Do professional chefs ever suffer food poisoning

food-safetyprofessional

Quite often you see celebrity and professional chefs taste the meat or sauce from a dish that is clearly not fully cooked. Is there a different length of time you should wait before sampling an uncooked dish (e.g. beef versus chicken) and do chefs ever suffer food poisoning for the sake of their art?

Best Answer

More opinion than a back up factual answer, but I knew a Cordon Bleu and CCI trained chef who stated one of his first days in professional training he was required to eat a raw chicken breast. The reasoning: He was expected at all times to have a kitchen that was clean enough and product that was fresh and high enough quality that he could do so. That if he was not confident enough that he would not get sick from eating something raw, that her was never to serve it to someone else. No matter how diligent he was, there would be times that he would serve something under-cooked or cross contaminated to a customer, so he had to have that confidence that the odds of them getting sick even with a mistake were low.

Using this level of product and practices costs more, and is part of the reason we have to pay more for items from a high quality place.

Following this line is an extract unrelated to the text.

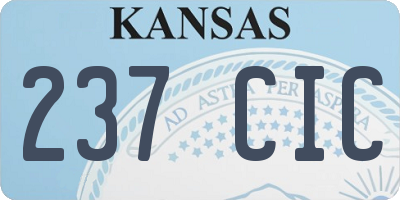 KS license plate 237CIC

To protect themselves they must do all they can to protect you. In normal practice though, they are taking very small tastes. They have trained tastes and can recognize spicing issues and such with a small enough sample to not be high risk. Sure, it can happen and they may end up sick, but the odds on any given sample are low and it is their profession. One of the challenges at home is for us to also learn to make those judgements in taste from a small sample while limiting the risks of cross contamination. I would not eat a piece of raw chicken because I don't have access to the quality and assured freshness that say a Gordon Ramsey has. Notice though, he tests under cooked, but does not serve that way and will not eat that way when served. In my kitchen I will taste test repeatedly for fear of killing flavor with too much salt for instance and can usually tell with a pretty small taste. I do not tend to hesitate even though I have a low tolerance to tainted food due to having gotten food poisoning more than once as a kid.

Where many of us especially struggle compared to a quality professional though is knowing how flavor will develop as the dish continues to cook, such as tasting early in a sauce. In this case it takes a lot of practice to mentally extrapolate how the flavors will finish when tasting early, and yet that is when you prefer to have many flavors added so the meld together better. That you can only gain through practice, which means even more tasting and even more need for care in selection high quality items and in avoiding contamination.